Transcribe all the data, leaving each word as it is.

[[ EXERCISE INPUTS open ]]

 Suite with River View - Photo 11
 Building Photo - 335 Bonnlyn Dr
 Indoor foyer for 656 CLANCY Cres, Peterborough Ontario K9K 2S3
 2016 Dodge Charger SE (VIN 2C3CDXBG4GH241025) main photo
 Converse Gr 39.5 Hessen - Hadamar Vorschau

[[ EXERCISE INPUTS closed ]]

§ **OUTPUT BELOW**
 Suite with River View - Photo 11
 Building Photo - 335 Bonnlyn Dr
 Indoor foyer for 656 CLANCY Cres, Peterborough Ontario K9K 2S3
 2016 Dodge Charger SE (VIN 2C3CDXBG4GH241025) main photo
 Converse Gr 39.5 Hessen - Hadamar Vorschau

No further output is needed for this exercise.